2. **Analyze LLMs' performance across six major moral dimensions**:
- These six dimensions include species, gender, health status, social status, age, and the number of lives involved. The researchers decomposed the overall misalignment score to understand LLMs' preferences across these six dimensions.
3. **Explore the response differences of LLMs in different languages**:
- The researchers analyzed whether there were significant differences in LLMs' responses across different languages and identified language groups where LLMs exhibited similar behavior.
4. **Test the "language inequality" hypothesis**:
- The researchers explored whether LLMs are more inclined to align with high-resource languages (such as English) rather than low-resource languages (such as some African languages).

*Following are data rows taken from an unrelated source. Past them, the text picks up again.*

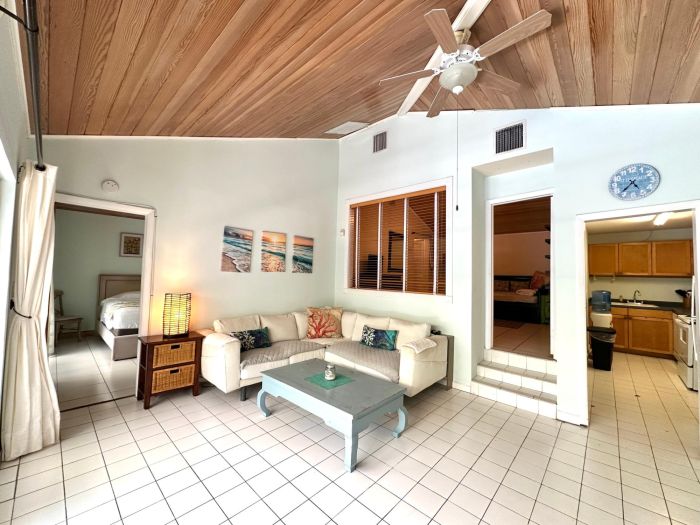 MLS# 63317 Private Paradise Paradise Island New Providence/Paradise Island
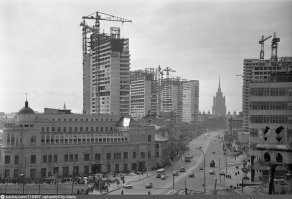 Надёргано по чуть-чуть. По моему мнению надо было взять какую то тему и раскрыть. Ну вот к примеру редко появляющиеся фотографии строительства знаменитых объектов. 1. Строительство Детского Мира на пл. Дзержинского, 2. Строительство кинотеатра Россия, 3. Строительство Храма Христа Спасителя (самое первое строительство начало 19 века), 4. Строительство домов-книжек на пр. Калинина.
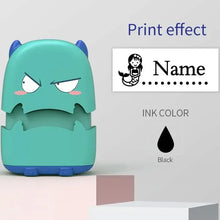 Tampon prénom personnalisé en forme de monstre bleu et teal avec expression faciale en colère pour vêtements et sacs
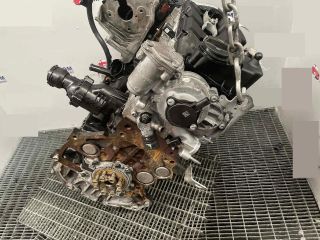 bontott AUDI A6 C7 Motor (Fűzött blokk hengerfejjel)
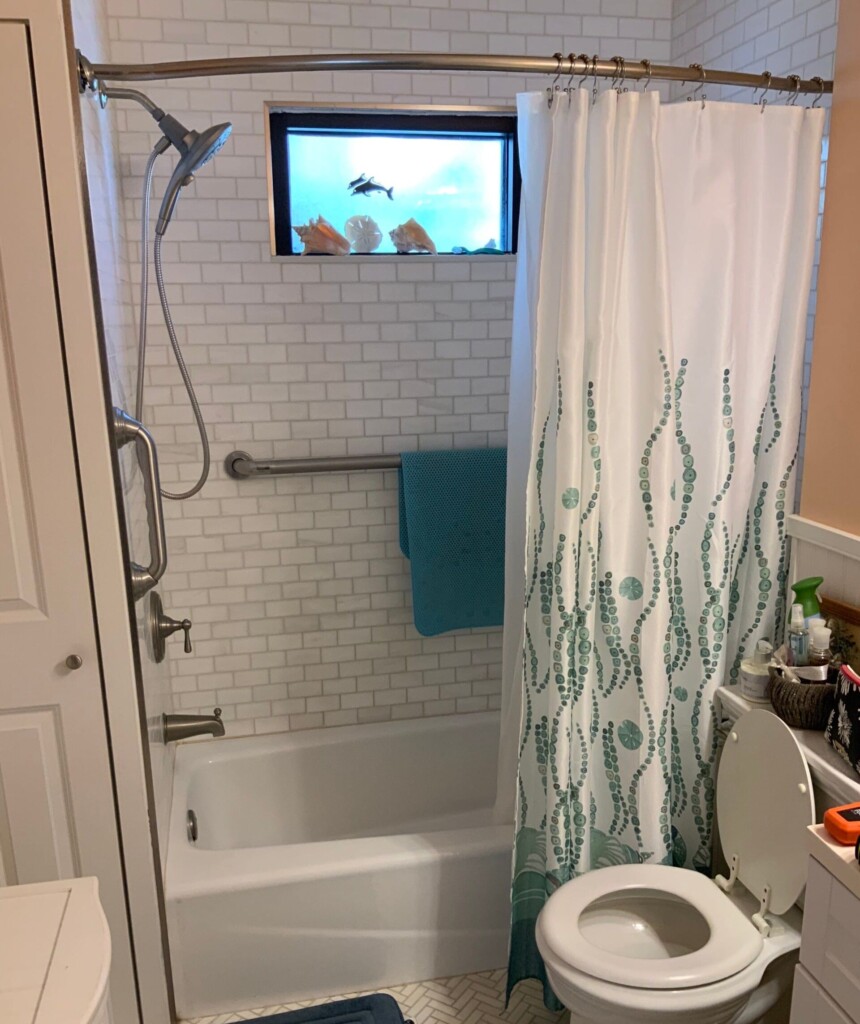 Before - Tub To Shower Conversion, Burlington Ave N, St. Petersburg, Florida 33713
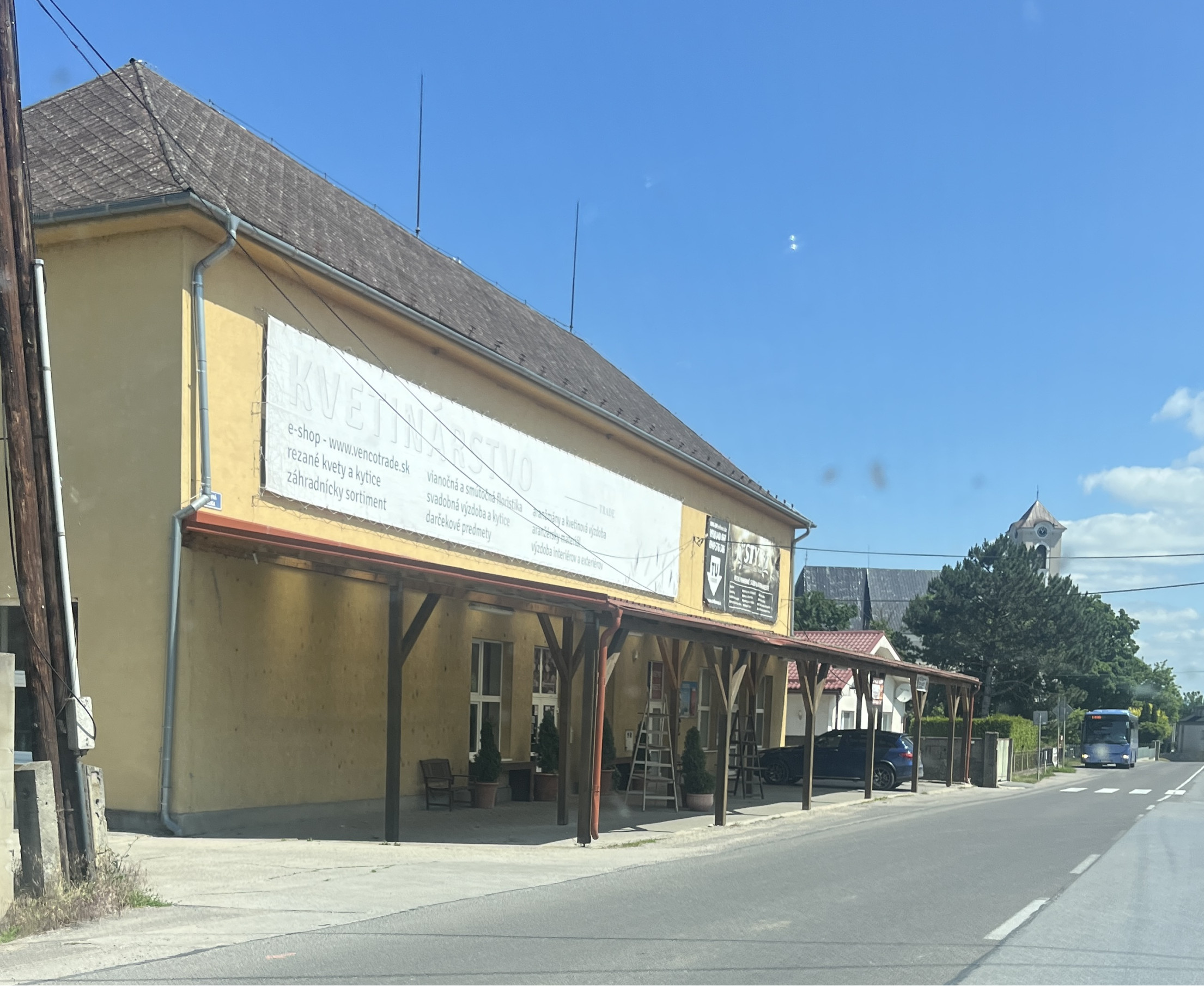 IBA U NÁS! Na predaj polyfunkčná budova v Košeci aj s ubyt.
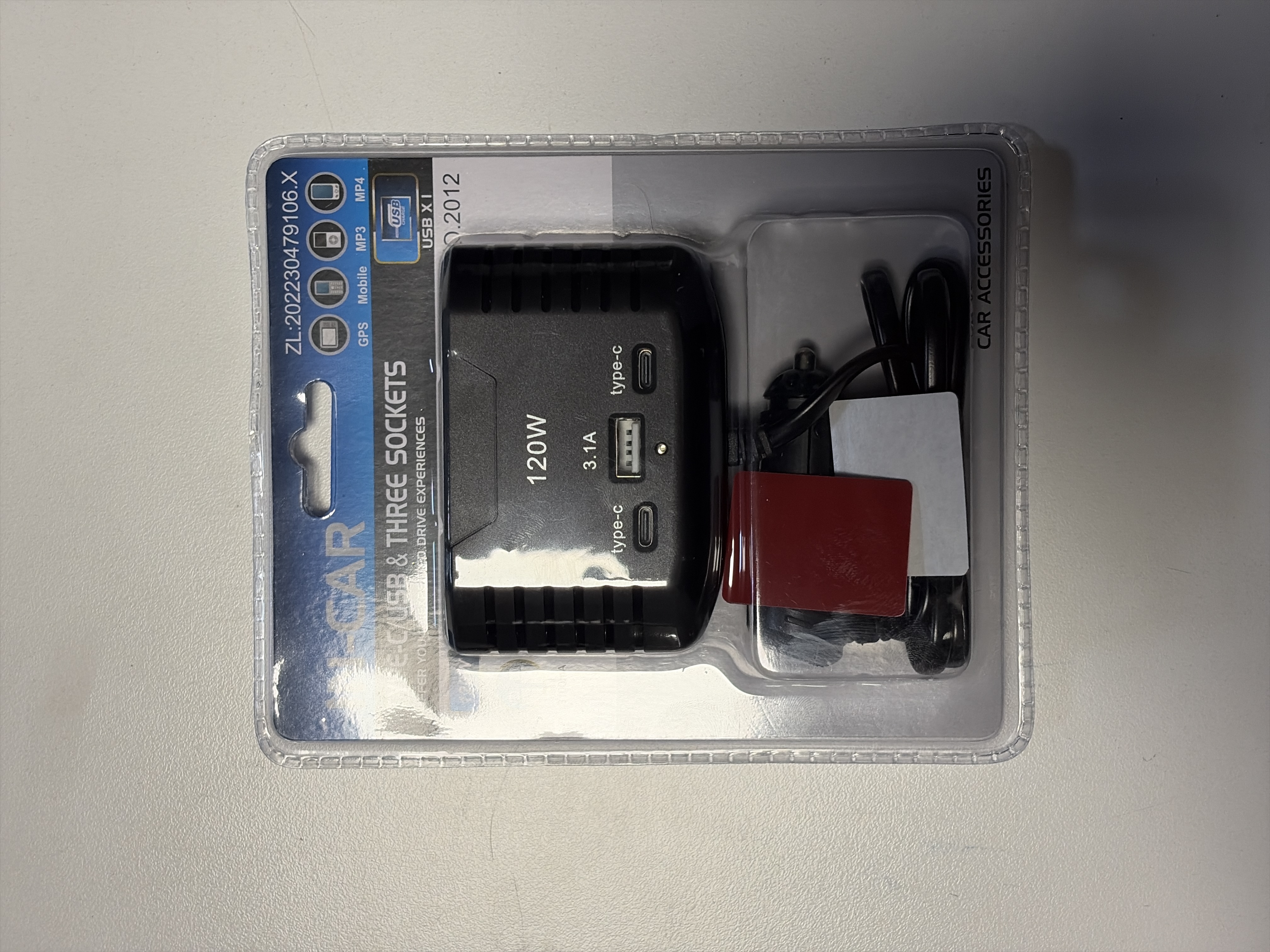 Yk Desi̇ng 3lü Çakmak Çoğaltıcı Usb Gi̇ri̇şli̇ 12/24 Volt - Çakmaklık Çoğaltıcı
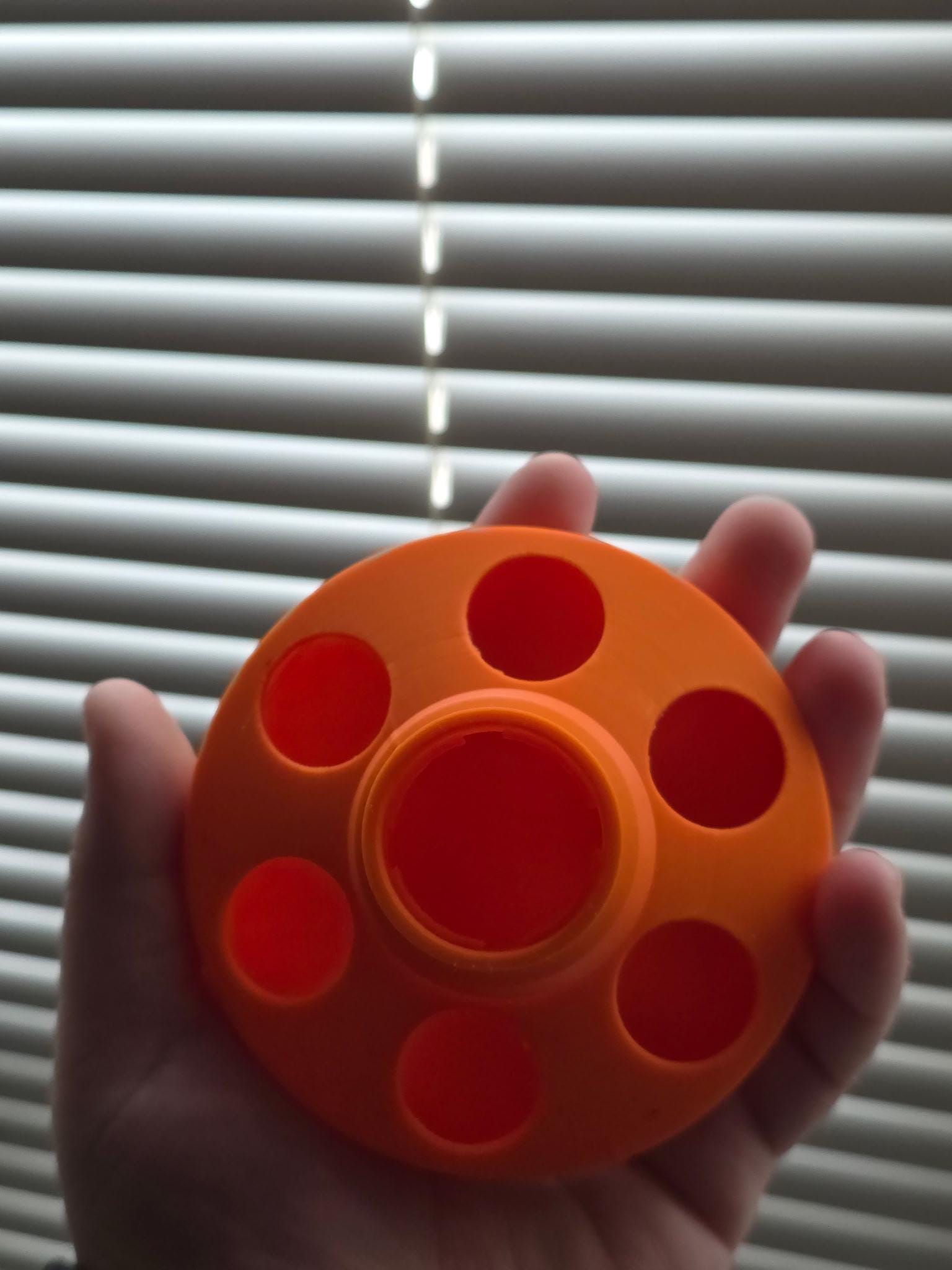 Feeder Base Chicks/Quail (Fits Soda Bottle)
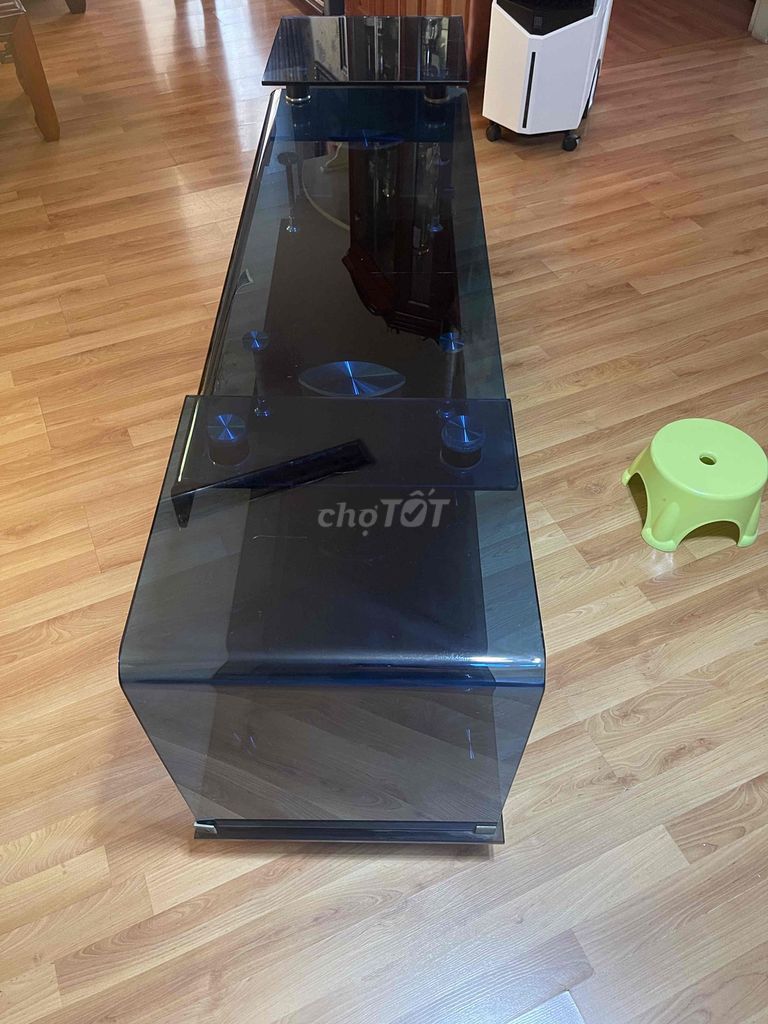 Kệ tivi Kính cường lực Đen 1.8m. Mua bán Tủ, kệ gia đình tại Quận Tân Phú Tp Hồ Chí Minh được đăng bởi Trần văn Thanh hình 1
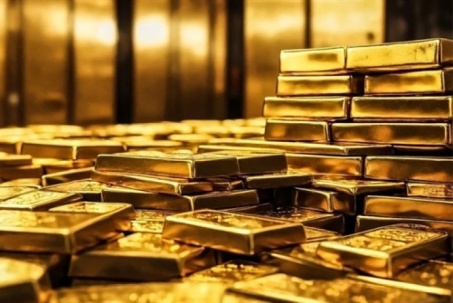Giá vàng thế giới lao dốc sáng 13/4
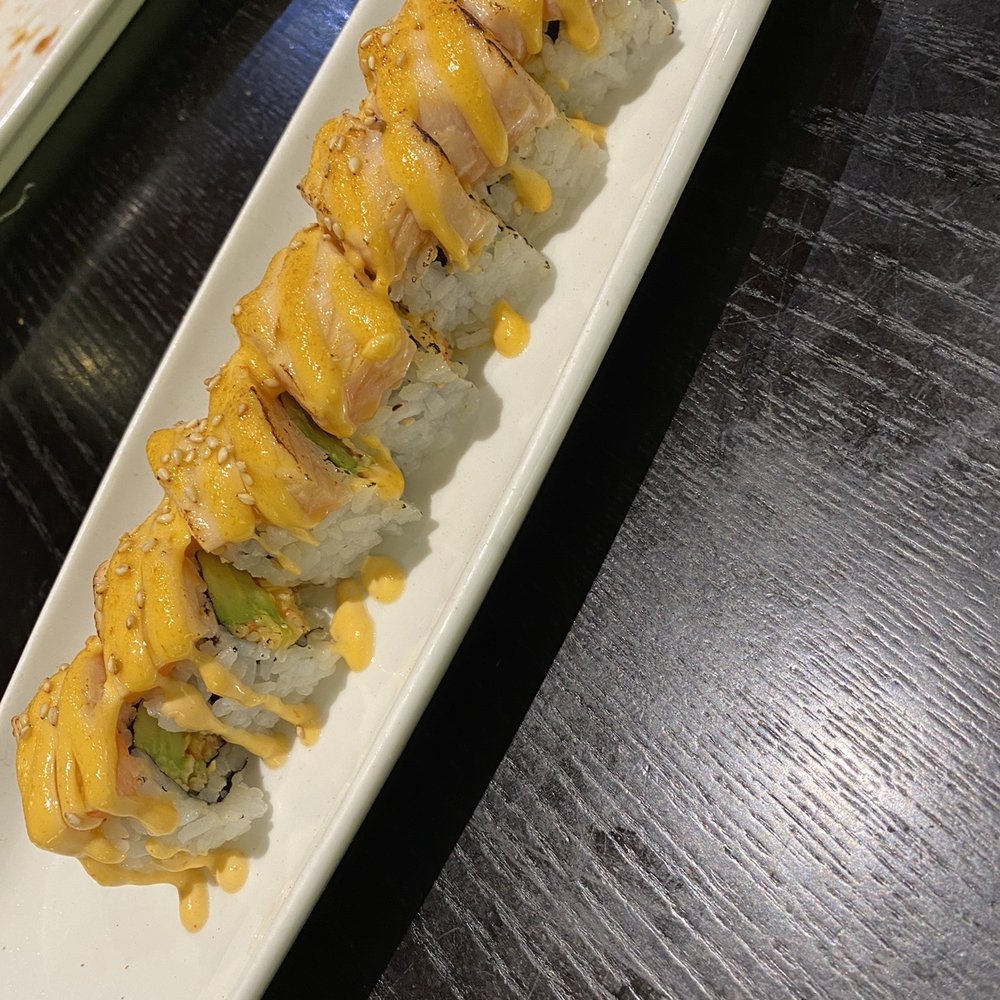 Sushi Naper - Spicy Girl Maki - Sushi Bars Near Me - Naperville, Illinois Sushi Naper - Spicy Girl Maki - Sushi Bars Near Me - Naperville, Illinois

5. **Evaluate the consistency of LLMs' responses to different formulations of the same trolley problem prompt**:
- The researchers conducted robustness studies to assess the consistency of LLMs' responses to different formulations of the same trolley problem prompt.
### Research Methods
- **Dataset**: The MULTI TP dataset contains 97,520 trolley problem scenarios, each translated into 107 different languages.
- **Model Selection**: The researchers selected 19 different LLMs, including both open-weight and closed-weight models.
- **Preference Evaluation**: By systematically varying the six moral dimensions, the researchers extracted each model's preferences for each dimension.
- **Misalignment Measurement**: The researchers introduced an overall preference vector p=(pspecies, pgender, pfitness, pstatus, page, pnumber) and measured the misalignment (MIS) score by calculating the L2 distance between the human preference vector ph and the model preference vector pm.
### Main Findings
1. **Overall Consistency**:
- Only a few models (such as Llama 3.1 70B, Llama 3 70B, and Llama 3 8B) had misalignment scores below 0.6, indicating that they were more consistent with human preferences.
2. **Performance Across Moral Dimensions**:
- There was a strong correlation between LLMs' misalignment in the gender, age, and health status dimensions and the overall misalignment. Specifically, the correlation coefficient for the gender dimension was 0.87, for age was 0.69, and for health status was 0.68.
3. **Response Differences Across Languages**:
- There were significant differences in LLMs' responses across different languages, but no clear "language inequality" phenomenon was found, meaning LLMs performed similarly in high-resource and low-resource languages.
4. **Robustness Study**:
- LLMs showed consistency in their responses to different formulations of the same trolley problem prompt, indicating a certain level of stability in handling different formulations.
### Conclusion
This paper systematically evaluated the moral consistency of LLMs in multilingual trolley problems by constructing the MULTI TP dataset. The study found that although most LLMs exhibited significant misalignment with human preferences, their performance across different languages was relatively balanced, with no clear "language inequality" phenomenon. This research highlights the necessity of evaluating the moral consistency of LLMs in a multilingual context and provides important references for future research.